• [What you need to do]: Please copy, exactly as written, the span from the first line below to the line that contains "Synthetic Curly Bun", including both, and skip the pictures.

━━━ Record excerpts ━━━

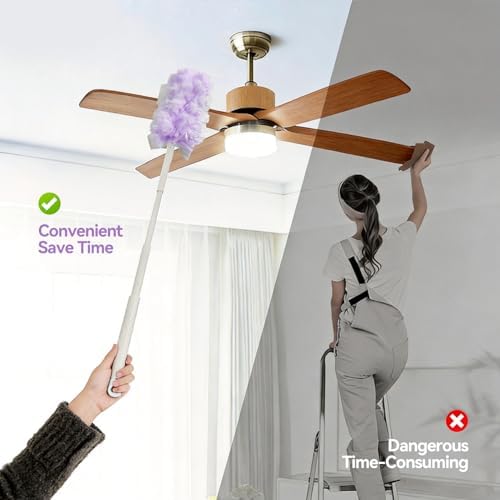 Long Handle Duster, 3 ft Extendable Pole, 30 Disposable Refills - Image 3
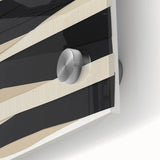 Contemporary Abstract Canvas – Neutral Black, Beige & Ivory Layers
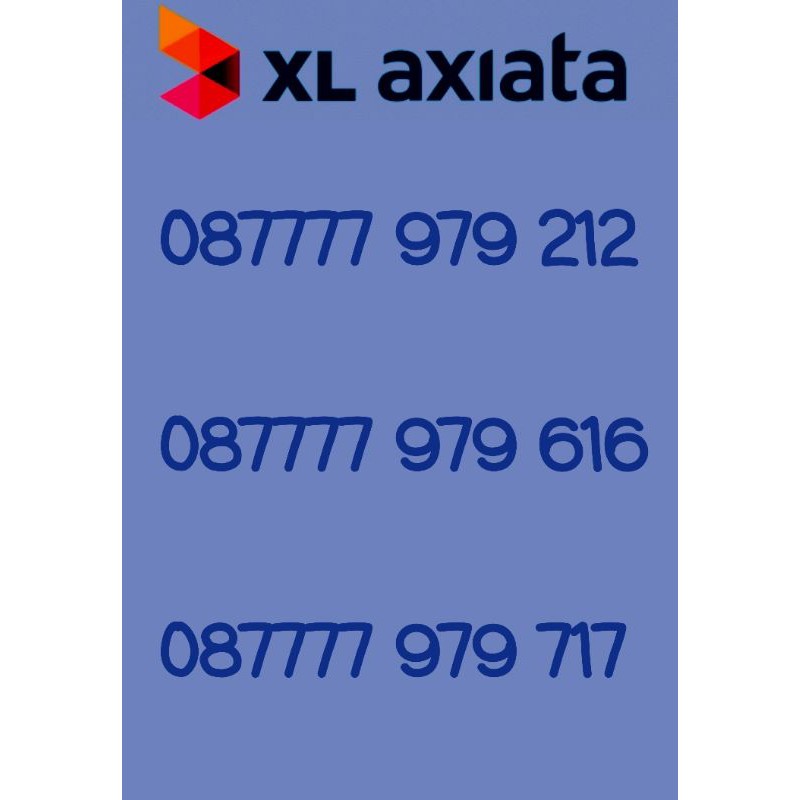 NOMOR CANTIK XL / NOMER CANTIK / NOMER CANTIK XL  / KARTU PERDANA CANTIK XL / XL CANTIK / NO CANTIK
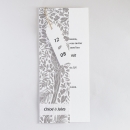 Faire-part de mariage Oiseau de paradis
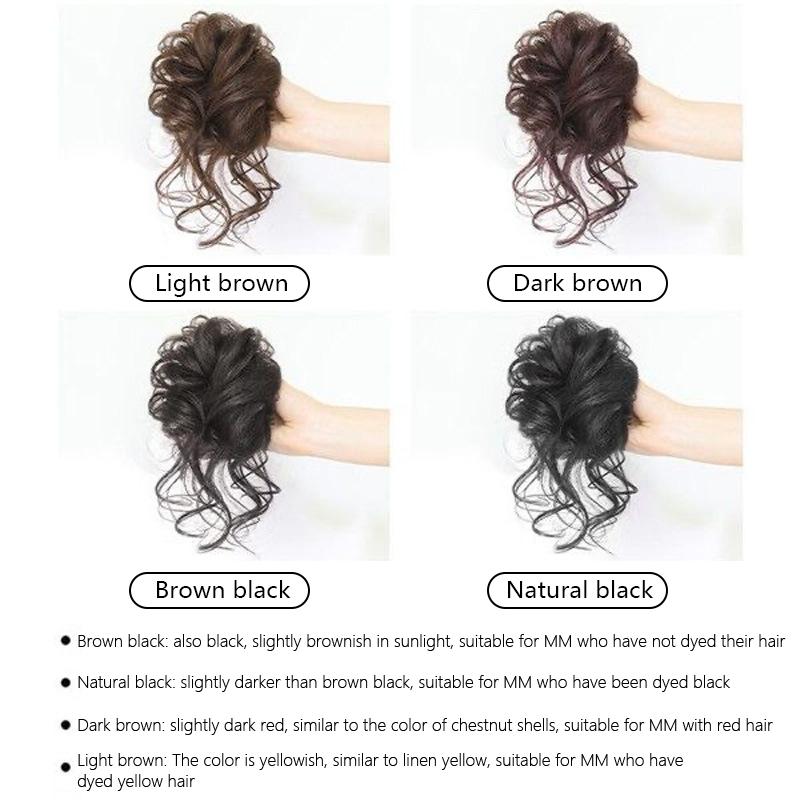 Synthetic Curly Bun Messy Claw Chignon Clip Elastic Hair Scrunchies Hairpieces Donut Updo Hair Pieces For Women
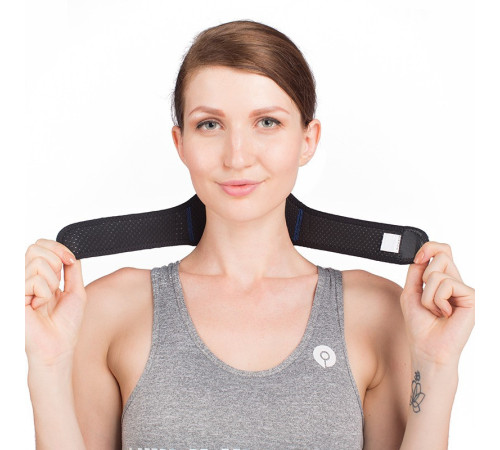 Турмалінова пов'язка накладка на шию хребта з кальцієм, селеном і біофотонами Схід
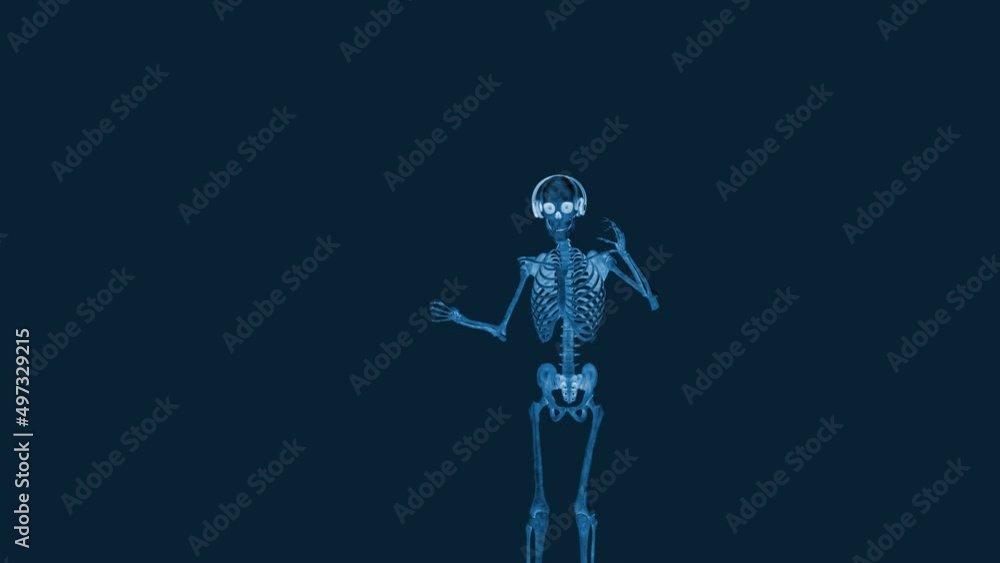 dj skeleton is doing a cool dancing on xray effect dj skeleton is doing a cool dancing on xray effect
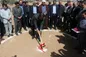 نیروگاه خورشیدی ۴۰ مگاواتی سیمان ساوه کلنگ‌‎زنی شد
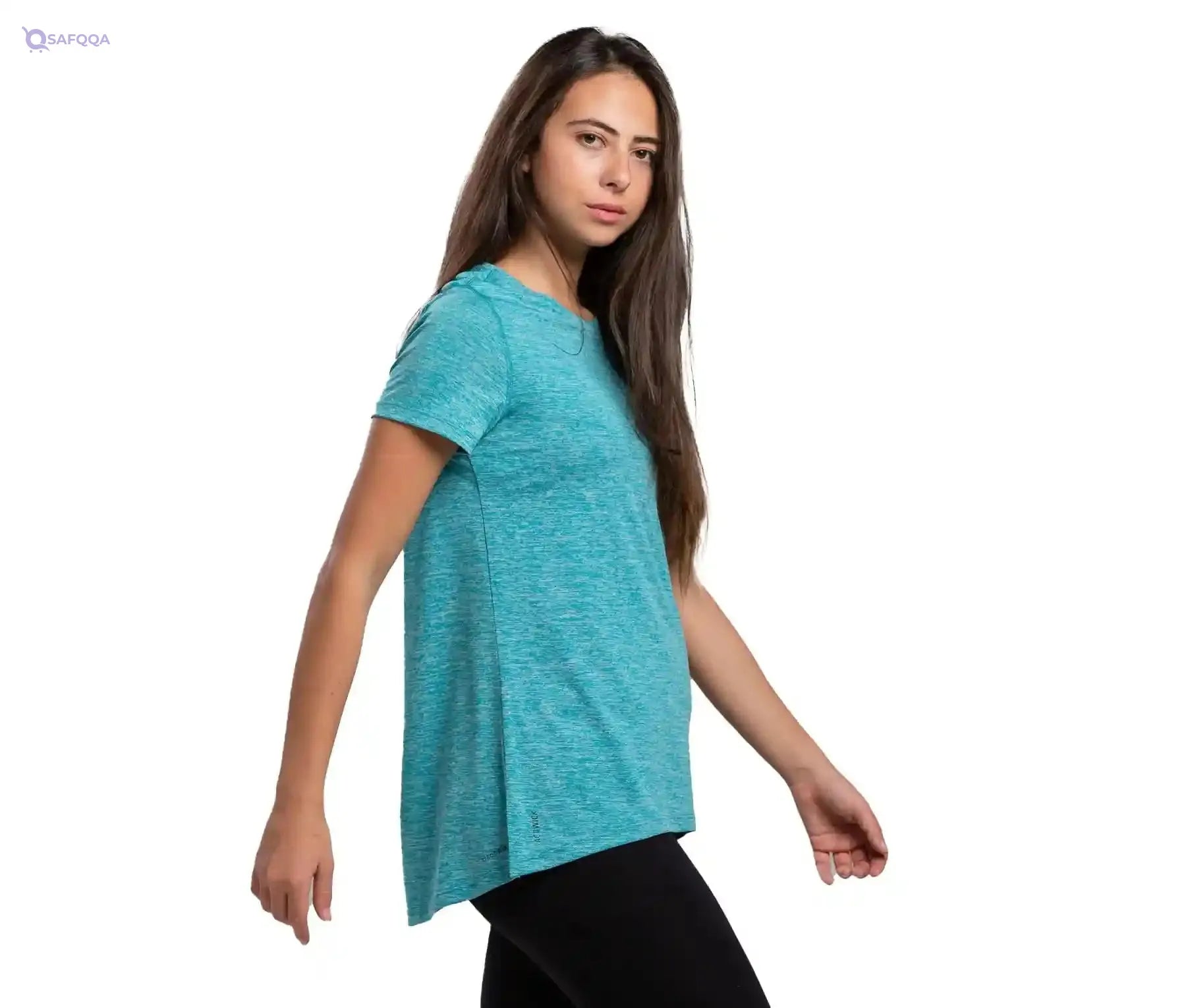 Magma Crew-Neck High-Low Regular-Fit T-Shirt for Women - Safqqa Egypt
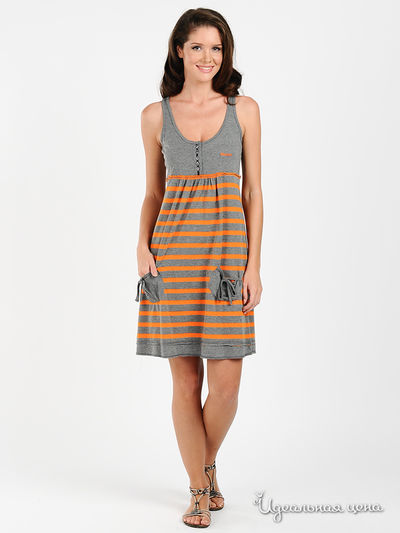 Платье Massana, цвет цвет оранжевый / серый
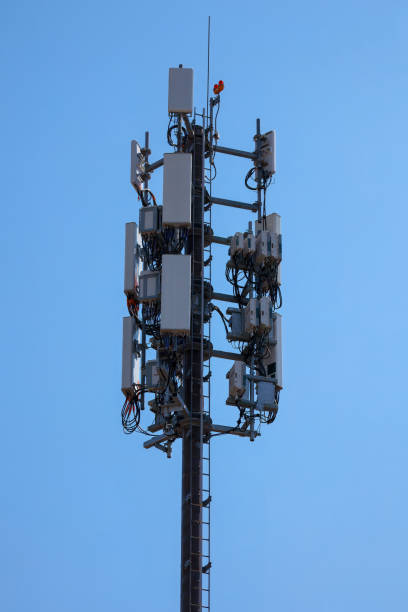 istock Cell Tower with Antennas and Communication Equipment 2187886232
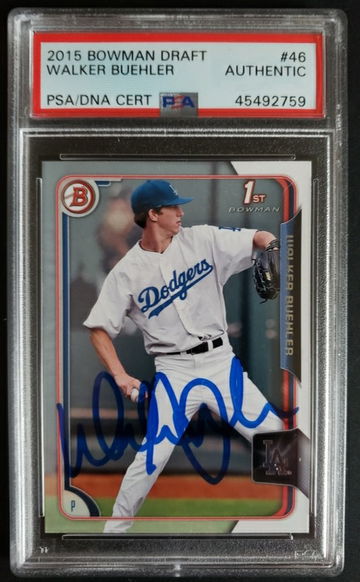 2015 Walker buehler bowman's 1st! Dodgers Ace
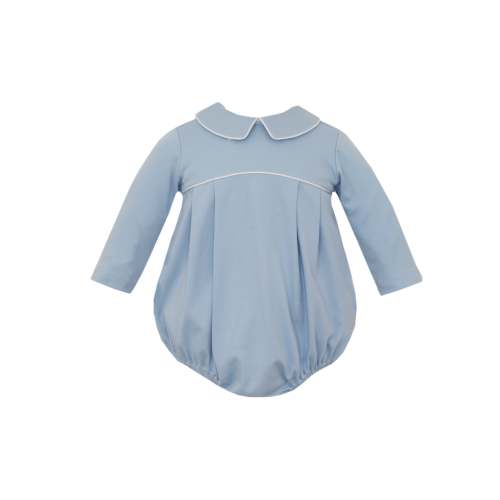 Blue Knit Short Bubble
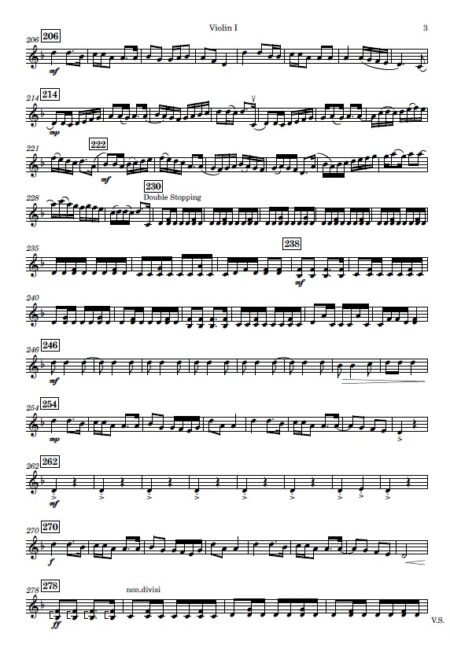 Symphonic Sea Shanties No.1 Violin Part Sample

━━━

• [Your solution]:
 Long Handle Duster, 3 ft Extendable Pole, 30 Disposable Refills - Image 3
 Contemporary Abstract Canvas – Neutral Black, Beige & Ivory Layers
 NOMOR CANTIK XL / NOMER CANTIK / NOMER CANTIK XL  / KARTU PERDANA CANTIK XL / XL CANTIK / NO CANTIK
 Faire-part de mariage Oiseau de paradis
 Synthetic Curly Bun Messy Claw Chignon Clip Elastic Hair Scrunchies Hairpieces Donut Updo Hair Pieces For Women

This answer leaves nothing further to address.